In an article in the Telegraph last week, rugby journalist Mark Reason says that he doesn't want his 10 year old son to take up rugby because "the rugby field has become a far too dangerous place."
His argument is that, because the "big hit" is now king in rugby, injuries are now pretty much inevitable. Whereas the tackle used to be about putting someone on the ground, it is now all about taking him out physically. The tackle has, in reality, been replaced by the collision. Rugby, he says, was always a hard game, but it was never this violent.
To a degree I can see his point. When I started out I was always taught to tackle low, around the legs and, to a large extent, I still utilise this somewhat antiquated practice.
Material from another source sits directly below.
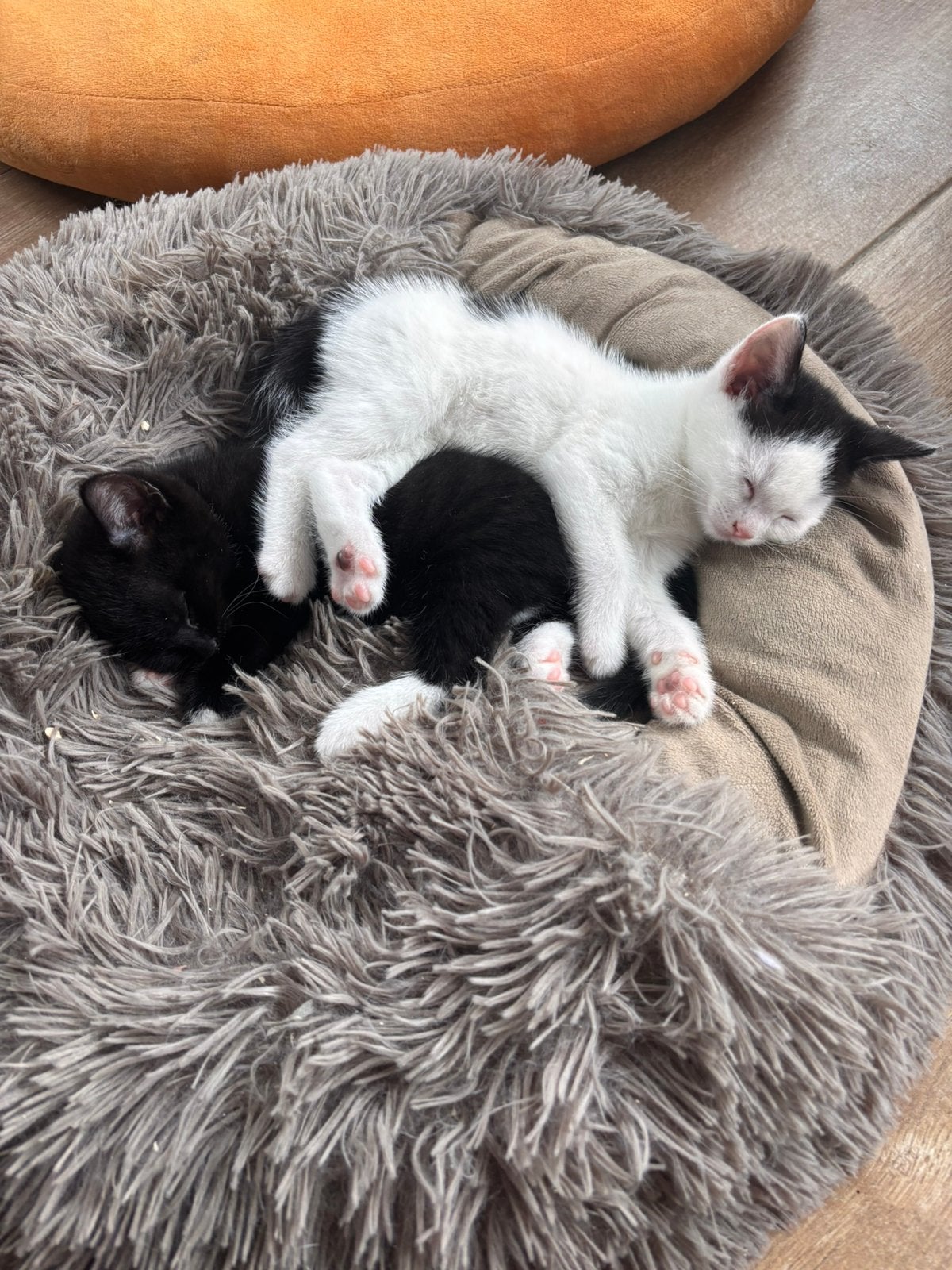 Four beautiful kittens vlooking for loving homes, Dieren en Toebehoren, Katten en Kittens | Overige Katten, Poes, Kortharig, 0 tot 2 jaar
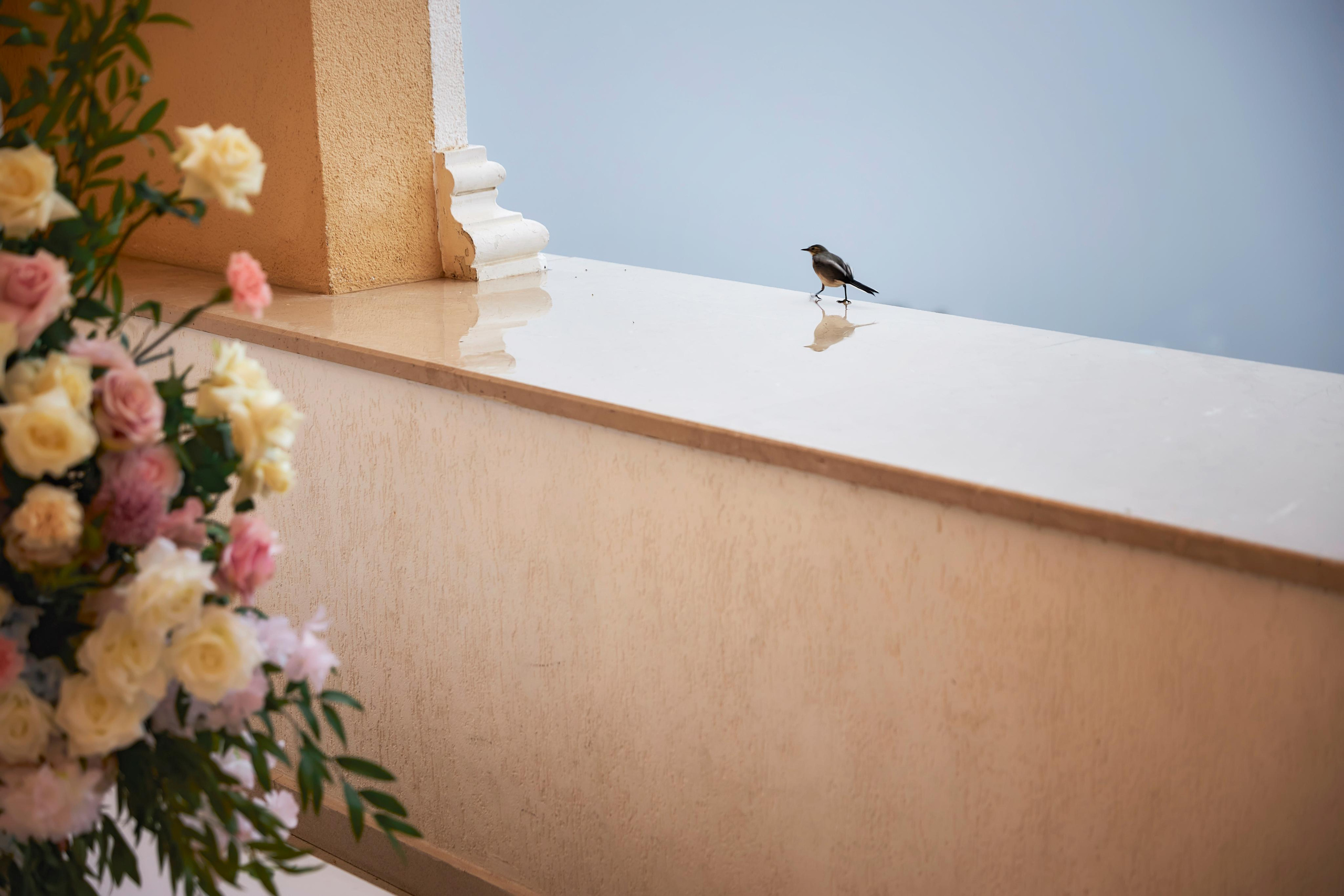 Свадьба в Красной Поляне от TWINS STUDIO в окружении гор. ТВИНС СТУДИО — лучшие свадебные фотографы и видеографы в Краснодаре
There's no doubt, however, that over the years tackles have become higher and higher and now it is perfectly acceptable to smash your shoulder into the opposition player's chest, aided and abetted by the prevalence of padding and protection that was outlawed back in my day.
Mr Reason concedes that rugby is relatively safe up to the age of 15 but beyond that he asks a very pertinent question: "How do you tell a lad who thinks he is immortal that rugby is just not worth getting smashed up for?"
With a 6 year old son who is currently mad about football and Doctor Who (although not necessarily in that order), it isn't a question I have yet had to face. And, if and when I do face it, I can't honestly tell you what my response will be.